Observability Overview

Metrics, logs, traces — what each is for, where they overlap, the cardinality rules that keep your storage bill sane, and the minimum signal set every service should emit.

If you only remember six things

Metrics answer "is something wrong and how bad?" — cheap, aggregatable, low-cardinality.
Logs answer "what exactly happened?" — high-cardinality context, expensive per byte.
Traces answer "where in the call graph is the time going?" — required the moment you have more than two services.
Every metric label is a cross-product. customer_id as a label will bankrupt you. status_code won't.
Instrument at the edge of your service (inbound requests, outbound dependencies). Not every function.
An SLO you can't compute from your existing telemetry is aspirational, not an SLO.

On this page

The three pillars
Cardinality — the one rule you must not break
SLI and SLO framing
Signals every service should emit
The telemetry stack, layer by layer
Anti-patterns
Where to go next

The three pillars

You will hear "metrics, logs, and traces" in every observability talk. It's not wrong, but the useful framing is about the question each answers.

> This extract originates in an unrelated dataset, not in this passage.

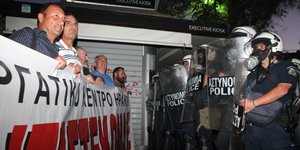 Φωτογραφία: Εurokinissi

Pillar	The question it answers	Cardinality tolerance	Cost shape
Metrics	Is it up? Is it slow? How much of it?	Low — every label combination is a time series	Cheap per series, explodes with labels
Logs	What exactly did this request do, in order?	High — every line is free-form	Pay per byte ingested + retention
Traces	Where in a distributed call did the time go?	Medium — per-span attributes	Pay per span; sample aggressively

When each is the right tool

Alert on metrics. You want every instance to contribute to the same series. Paging someone because one log line appeared is how you get paged at 3am for a warning nobody reads.
Debug with logs. Once metrics tell you something is wrong, logs tell you what the program actually did at that moment. Correlate with the trace ID.
Split latency with traces. "The API is slow" and you have five downstream services? Traces are non-negotiable. Without them you're grepping timestamps across hosts by hand.

Where they overlap

Modern stacks blur the lines on purpose:

Metrics from logs. LogQL's rate(), Elastic's metric aggregations, and Splunk's stats all let you derive a metric from a log stream. Useful for things you forgot to instrument, not a replacement for native metrics (too slow, too expensive for alerting).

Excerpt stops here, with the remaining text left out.